Currently, seven bills relating to the digital asset business await enactment, and six bills have been proposed in the National Assembly to amend the Electronic Financial Transactions Act and the Act on Reporting and Use of Specific Financial Transaction Information. At the request of the Financial Services Commission (“FSC”), studies were recently conducted by capital markets specialists to analyze the efficacy of these bills and legislation in creating a legal framework for the digital asset industry.

Discussions on Regulatory Framework

Discussions among politicians, financial authorities, and digital asset exchanges on the regulation of digital assets are in full swing. On June 13, 2022, a second party conference was held in the National Assembly to “restore fairness in the digital asset market and protect investors”. With the aims of preventing the recurrence of the Terra incident, five domestic digital asset exchanges signed an MOU to launch a joint consultative body and announced that they will collaborate to create and implement self-improvement measures. The FSC, the Financial Intelligence Unit, and the Financial Supervisory Service (“FSS”) also attended the conference.

The key points of the joint self-improvement measures are:

(1) To strengthen the protection of investors from beginning to end – i.e., from listing to delisting of digital assets on the exchanges – by unifying the evaluation forms and screening guidelines; assessing the feasibility of digital asset projects rather than evaluating the technical efficiency of digital assets; and conducting regular assessments on digital assets;
(2) To establish a contingency plan and create a hotline for round-the-clock support;
(3) To introduce an alert system to strengthen the monitoring of digital asset trading; and
(4) To provide a whitepaper and evaluation results to investors and require training on digital asset investment.

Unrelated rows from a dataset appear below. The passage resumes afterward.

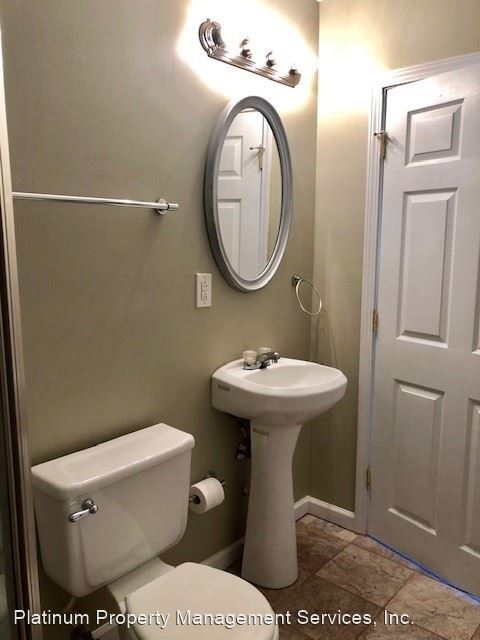 Building Photo - 3 br, 2.5 bath House - 2271 Fairway Cir Ne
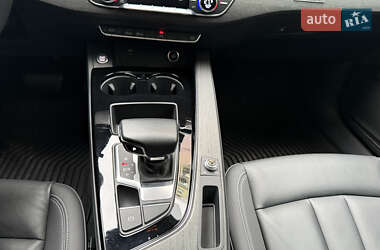 Седан Audi A4 2020 в 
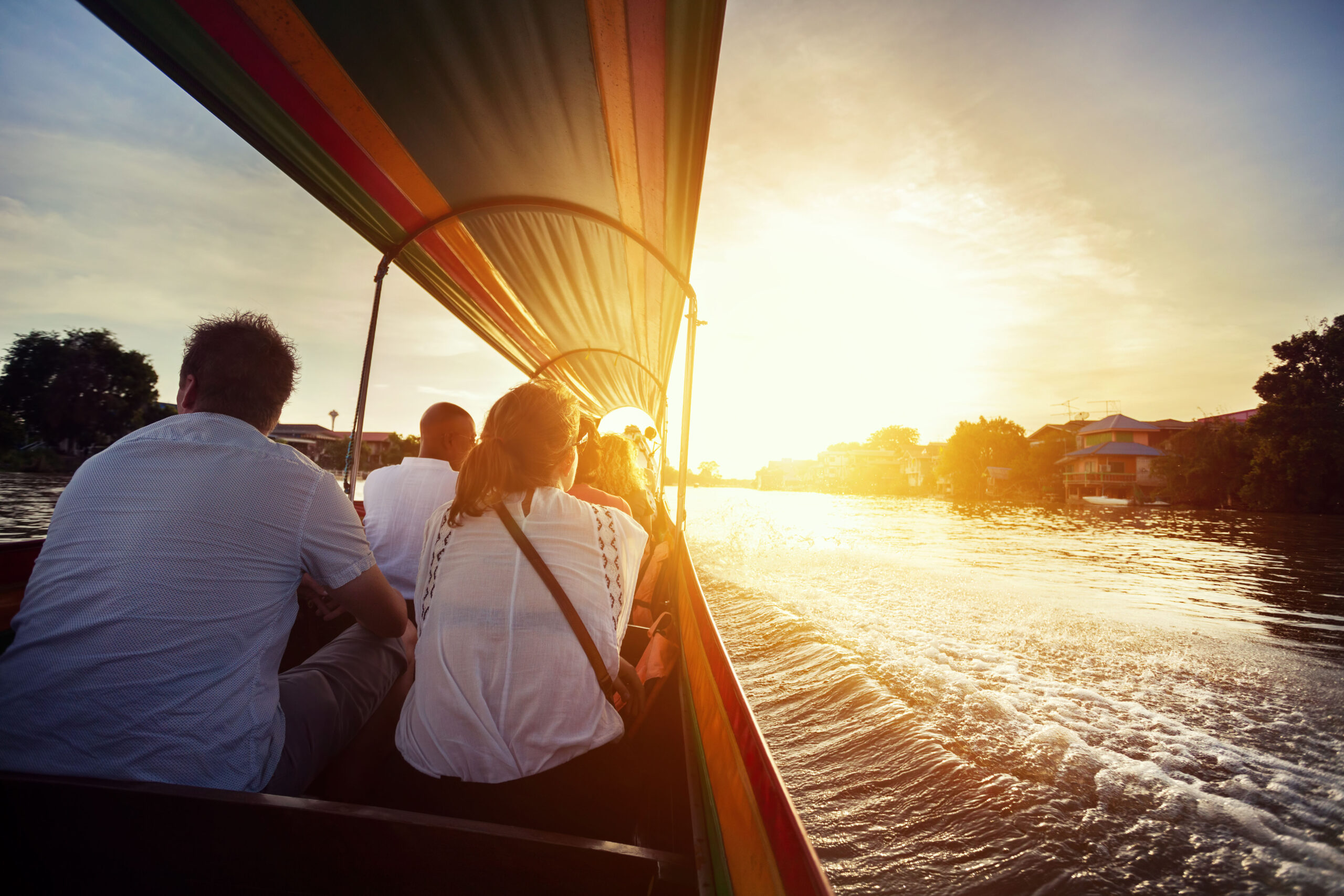 You are currently viewing Top 4 Benefits of Boat Tours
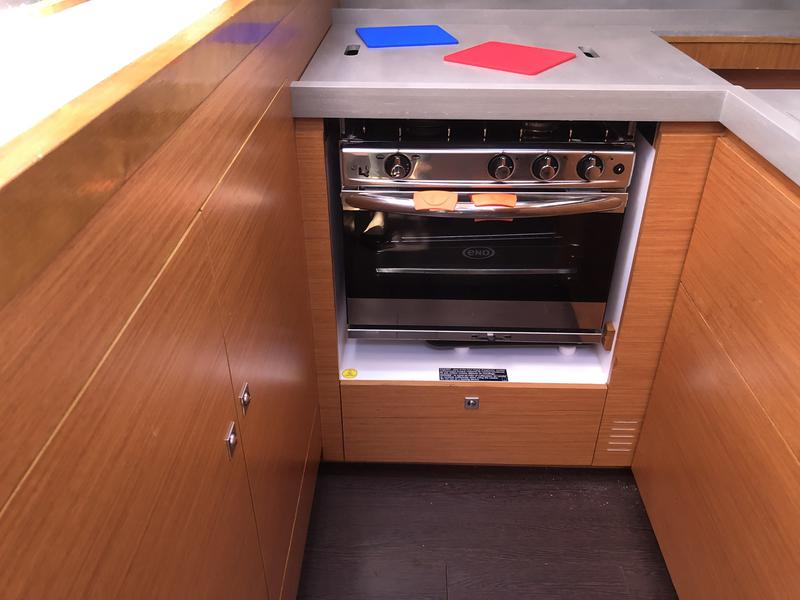 Book yachts online - sailboat - Dufour 530 Owner's Version - Edvige - rent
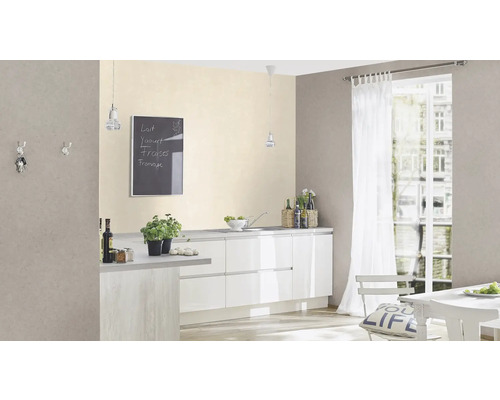 Lichte keukenruimte met witte kasten, eettafel en schoolbord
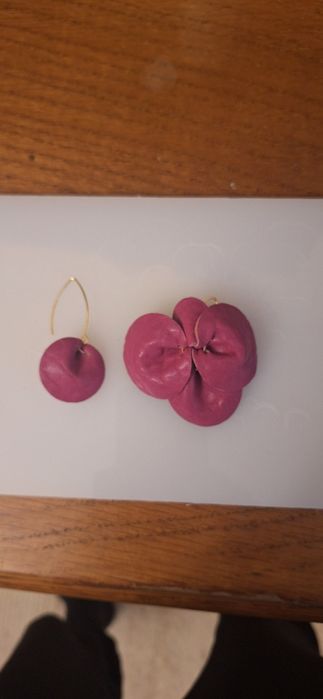 Cercei handmade din piele naturală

A representative from the FSC stated that “the government will examine the efforts of digital asset exchanges and strive for innovation by incorporating the necessary regulatory elements in the Framework Act on Digital Assets.” An FSS representative also stated that the FSS is conducting on-site inspections of financial institutions to prevent the spread of risks of another Terra incident to the rest of the financial system; he noted that given the complexity of the digital asset market and the difficulty of predicting outcomes, a self-regulated market built through active participation of private experts is crucial.

Conclusion

The joint self-improvement plan will likely be implemented before the Framework Act on Digital Assets comes into force. The success of the plan will be largely dependent on the intersectional workings of the human and capital resources of the exchanges; the roles played and the support provided by the financial authorities; and the interests of the investors.

The Terra incident was a rude awakening to domestic digital asset market participants. Hence, the need for legislation on digital assets has become ever more urgent, although it will also be essential to benchmark the regulatory directions of other leading countries and take them into legislative consideration.